Foley’s office, in an audit released Thursday, identified nearly $700,000 worth of patrol inventory, amassed between 1969 and 2007, that could not be found.
The lost items included a gas chromatograph/mass spectrometer — worth $129,000 when it was purchased in 1988 — that was eventually found to have been declared “surplus property” last year.
Recent state audits have criticized the Nebraska Educational Telecommunications Commission and the University of Nebraska for failing to properly account for state assets.
State statutes require an annual inventory of property held by state agencies, Foley said, and until agencies comply with that, he’ll continue to criticize them.

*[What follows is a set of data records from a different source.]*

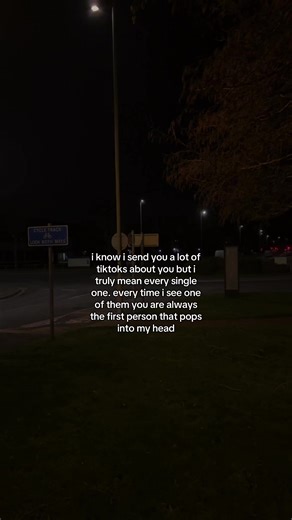 Daniel (@danielonthescreen)’s videos with Suitcase Full of Sparks - Gregory Alan Isakov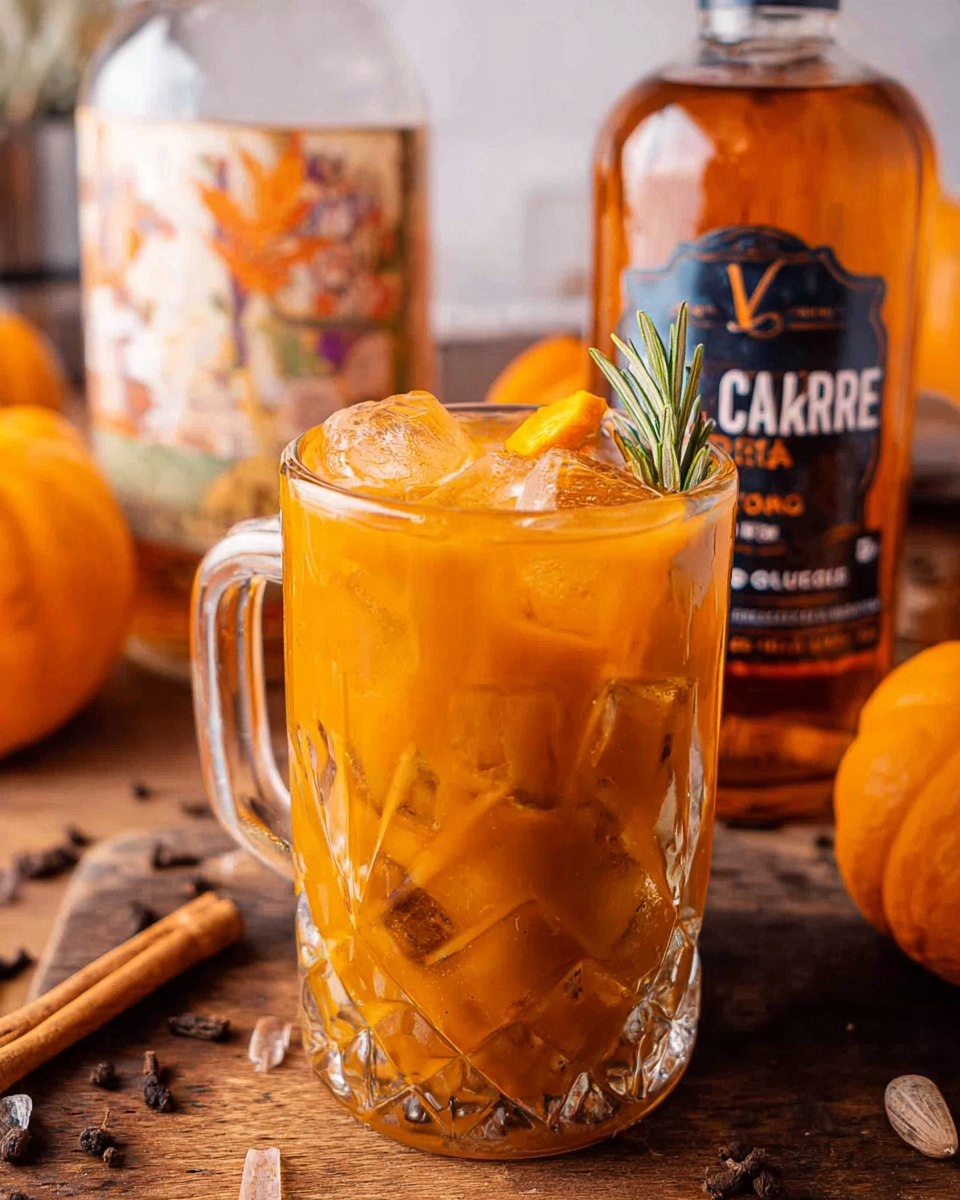 Home 1 Pumpkin-Old-Fashioned-Recipe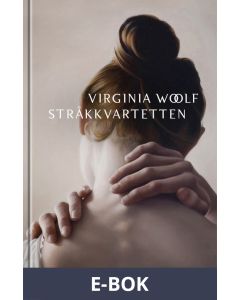 Stråkkvartetten, E-bok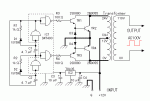 dc-ac inverter 12vdc 100vac.gif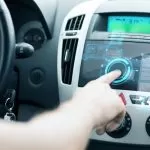 I 5 prodotti tech per l’Auto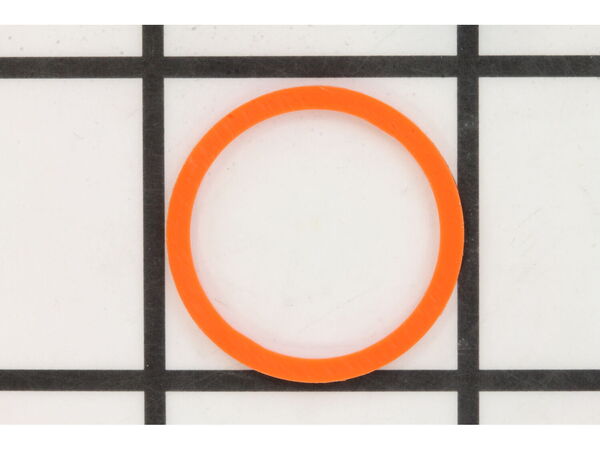 18212947-1-M-SprayTECH-89482-Sealing Washer, Nylon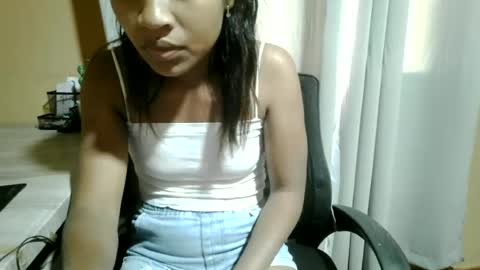 Snapshot of nelia_84 chatting on 13, 6, 2026 nelia_84 online show from 13, 6, 2026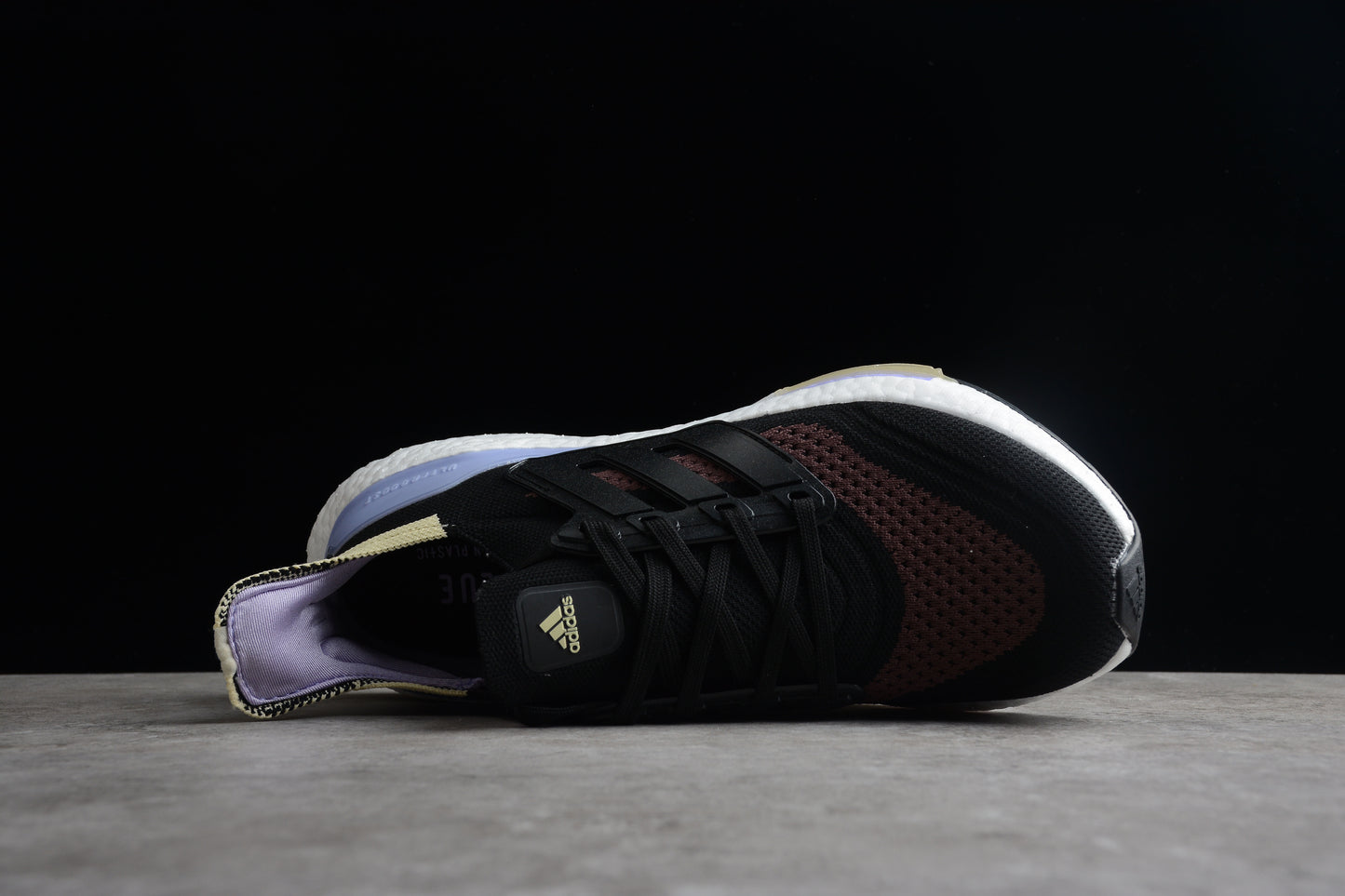 AD Ultra Boost UB21 Y3 S23841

“You should have good processes in place to track public property. Who is that rifle assigned to? Where is it today?” he said. “Someone has to be responsible for that equipment.”
A State Patrol spokeswoman said Thursday that the inventory problems did not appear to be linked to any fraud or mismanagement.
Spokeswoman Deb Collins said the patrol is working with the Department of Administrative Services to adopt a new, computerized inventory tracking system.
“We believe (the problem) is the difference between an old paper inventory system that needs to be moved into a new electronic system,” Collins said.
Overall, Foley said, the State Patrol was responsive to his concerns and is a well-run agency interested in “doing things right.”
He said he remains concerned, however, about state agencies’ lax compliance with the annual inventory requirement.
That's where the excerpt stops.